## THE TASK
Restate the listing below word for word, and leave its pictures behind.

## DATASET EXCERPT

+===+

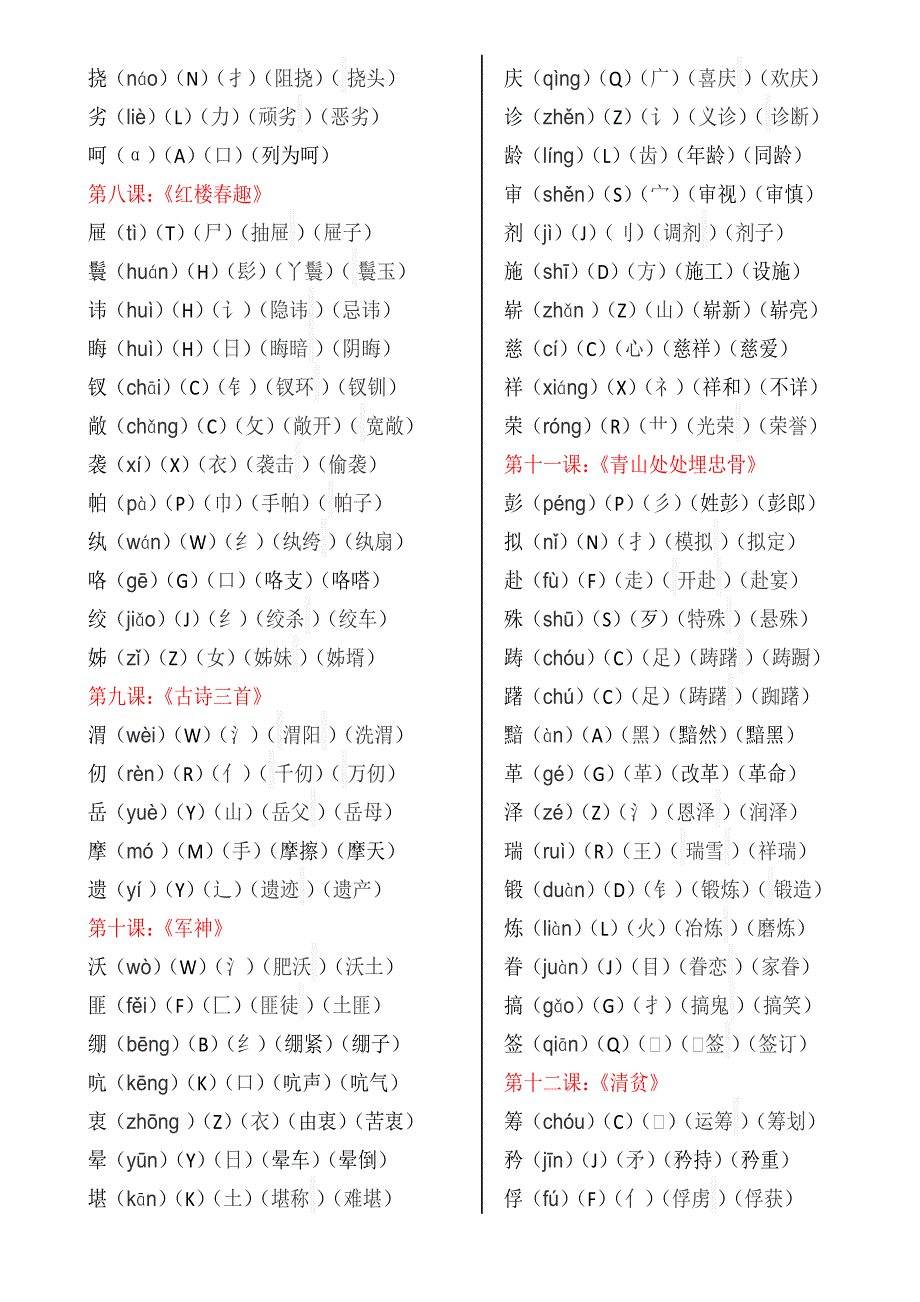 部编版五年级下册语文生字表_第3页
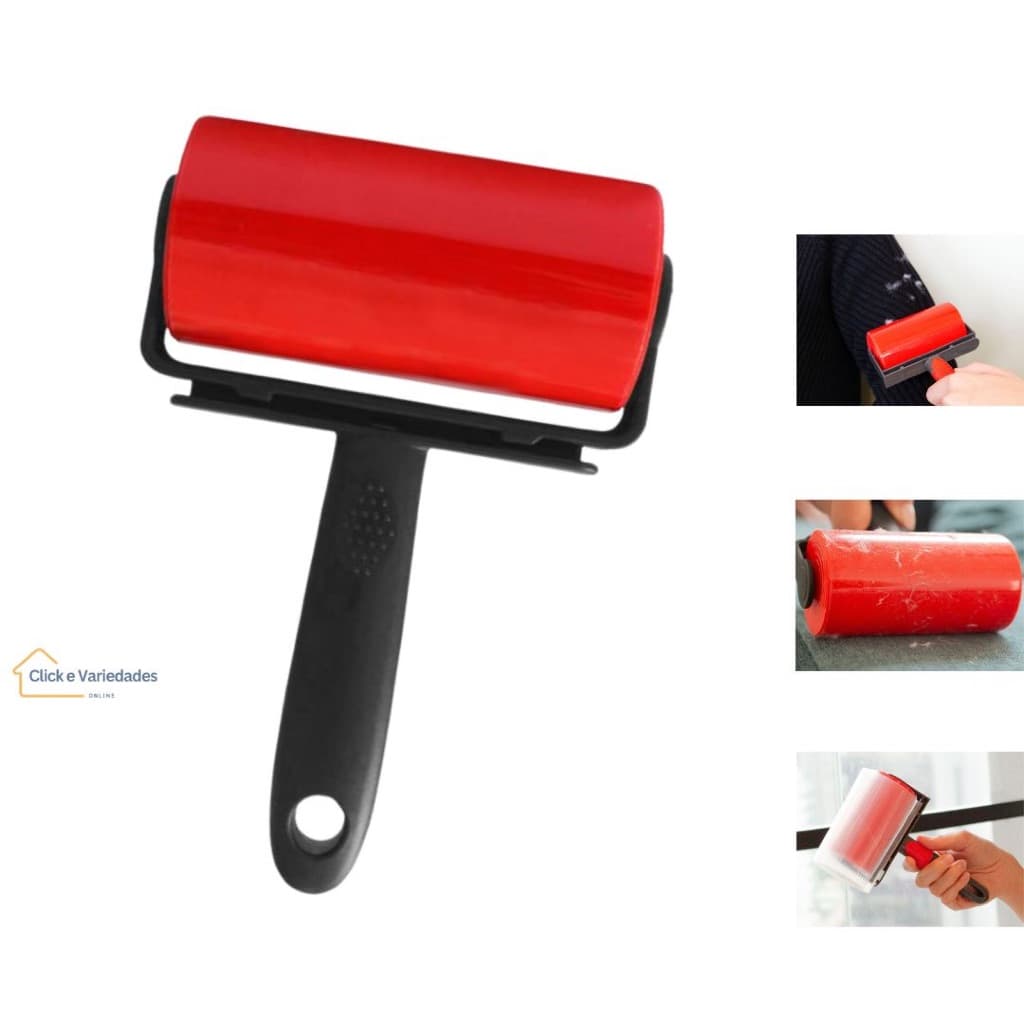 Rolo Adesivo Lavável  Vermelho/ Cinza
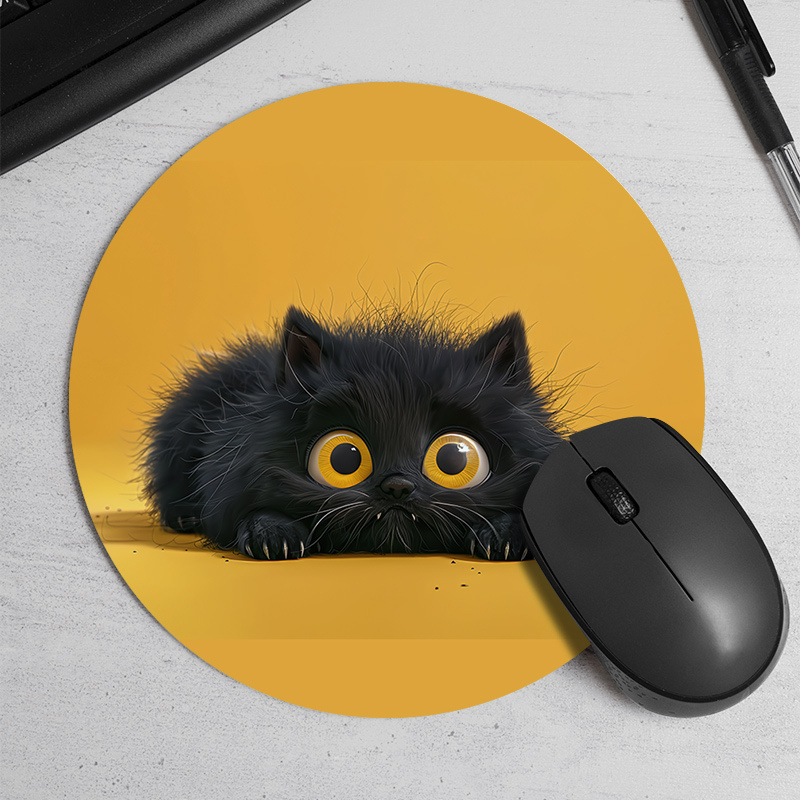 Cute Black Cat Round Mouse Pad - đánh giá và giá Desk Setup Or Set Up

+===+

## TASK SOLUTION
 部编版五年级下册语文生字表_第3页
 Rolo Adesivo Lavável  Vermelho/ Cinza
 Cute Black Cat Round Mouse Pad - đánh giá và giá Desk Setup Or Set Up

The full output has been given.